*** Given data ***

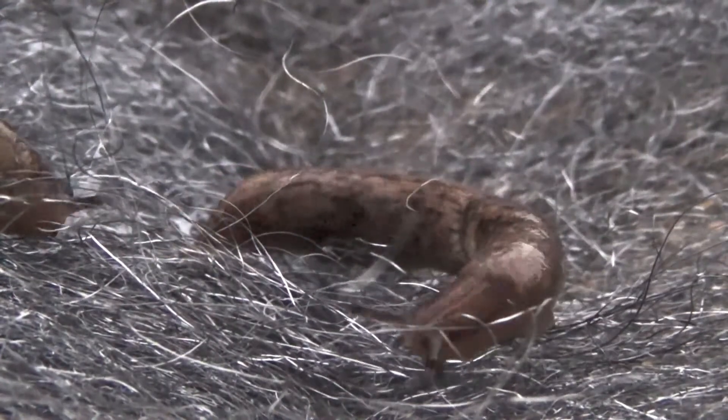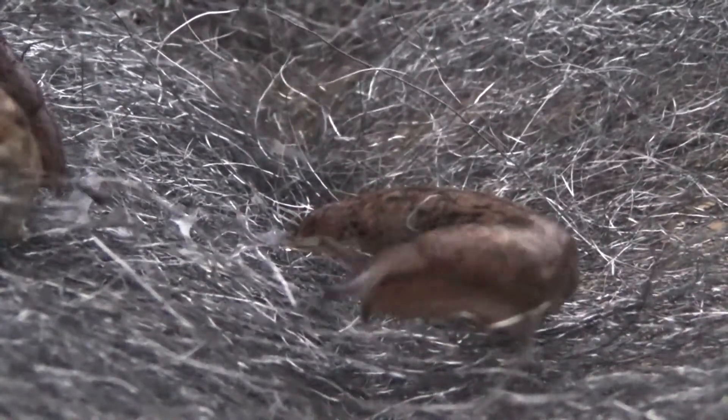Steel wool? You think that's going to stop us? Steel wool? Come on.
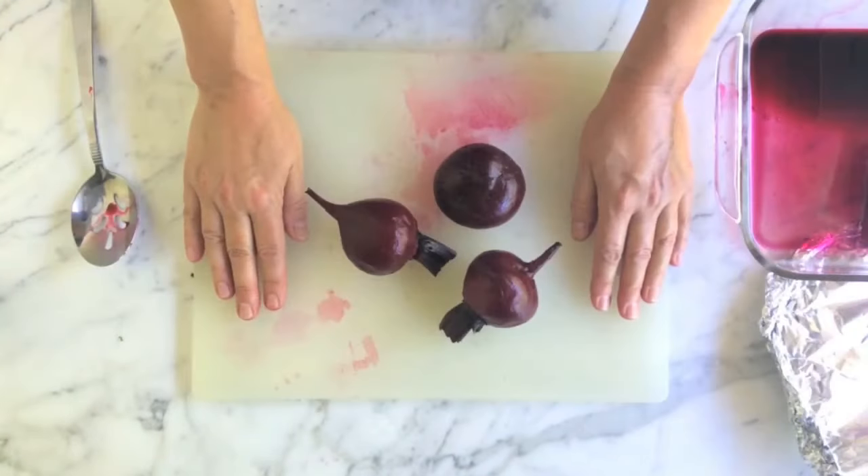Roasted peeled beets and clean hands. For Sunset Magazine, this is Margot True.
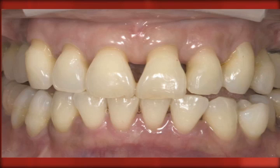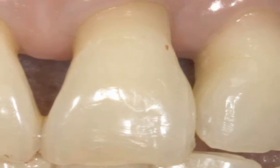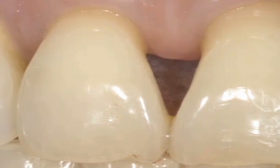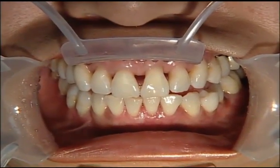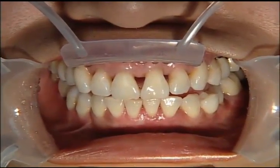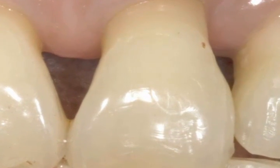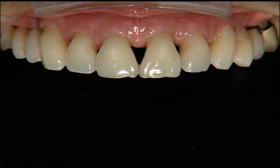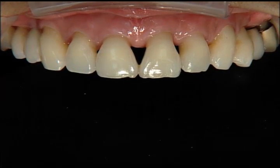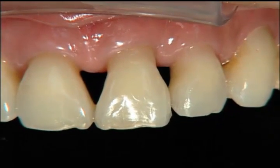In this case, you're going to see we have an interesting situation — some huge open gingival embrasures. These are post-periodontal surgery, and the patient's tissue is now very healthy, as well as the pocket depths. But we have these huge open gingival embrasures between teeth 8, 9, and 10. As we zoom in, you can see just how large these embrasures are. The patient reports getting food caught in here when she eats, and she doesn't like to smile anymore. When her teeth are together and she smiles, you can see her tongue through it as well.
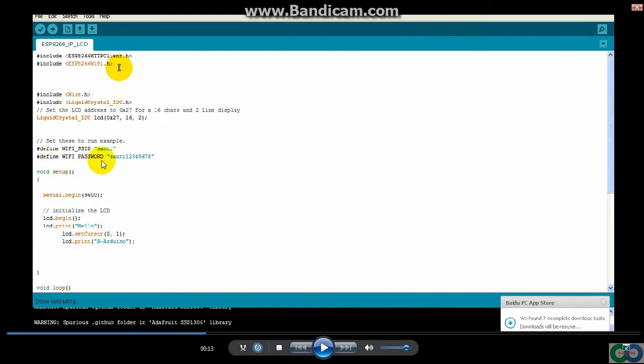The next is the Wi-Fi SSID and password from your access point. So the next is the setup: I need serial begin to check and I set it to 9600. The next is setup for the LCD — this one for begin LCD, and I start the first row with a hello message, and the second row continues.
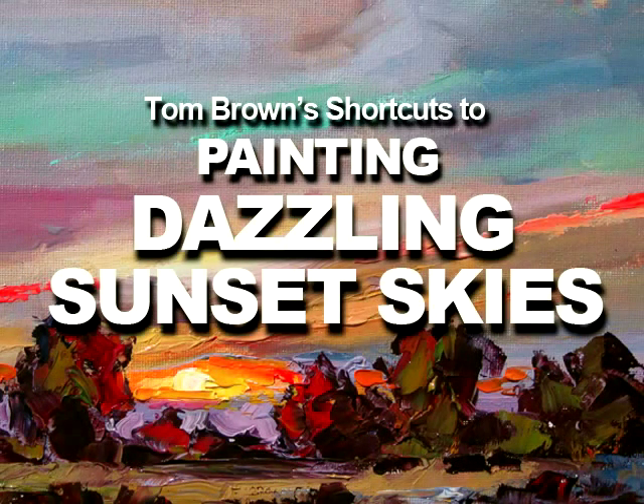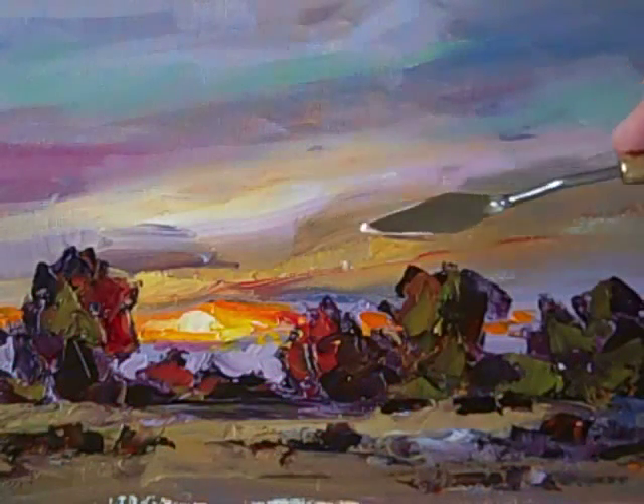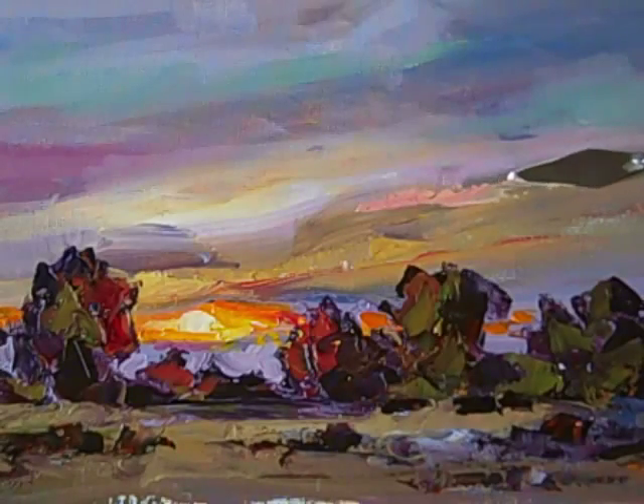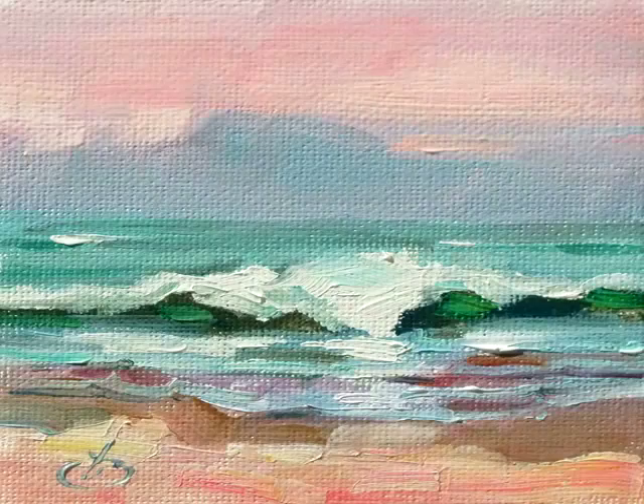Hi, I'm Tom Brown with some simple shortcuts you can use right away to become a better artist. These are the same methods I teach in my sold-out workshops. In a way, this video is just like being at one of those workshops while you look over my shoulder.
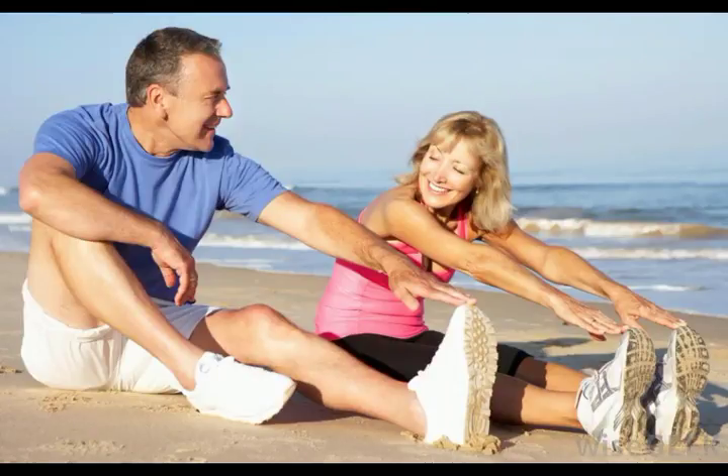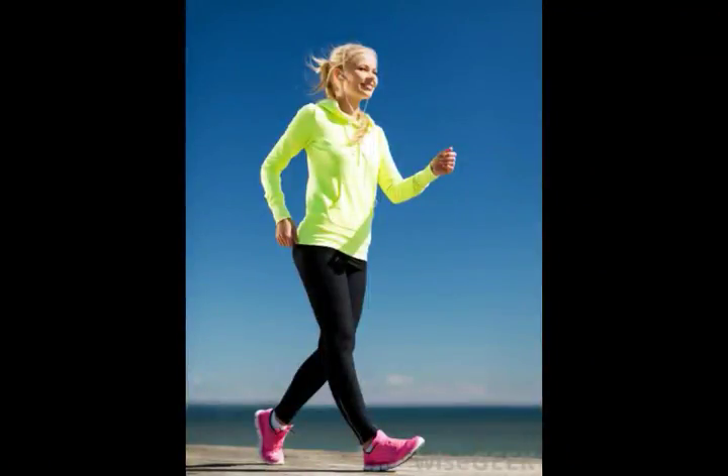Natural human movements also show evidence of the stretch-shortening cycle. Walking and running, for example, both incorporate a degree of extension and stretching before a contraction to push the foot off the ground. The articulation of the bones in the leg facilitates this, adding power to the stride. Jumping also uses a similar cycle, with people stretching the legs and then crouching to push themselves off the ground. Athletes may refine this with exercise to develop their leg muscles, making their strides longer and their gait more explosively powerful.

*** End of Given data ***

What you are asked to do :: Take the records above from their first line through the line with "In this case, you're" and set those lines down word for word, minus the pictures.

Final answer ::
Steel wool? You think that's going to stop us? Steel wool? Come on.
Roasted peeled beets and clean hands. For Sunset Magazine, this is Margot True.
In this case, you're going to see we have an interesting situation — some huge open gingival embrasures. These are post-periodontal surgery, and the patient's tissue is now very healthy, as well as the pocket depths. But we have these huge open gingival embrasures between teeth 8, 9, and 10. As we zoom in, you can see just how large these embrasures are. The patient reports getting food caught in here when she eats, and she doesn't like to smile anymore. When her teeth are together and she smiles, you can see her tongue through it as well.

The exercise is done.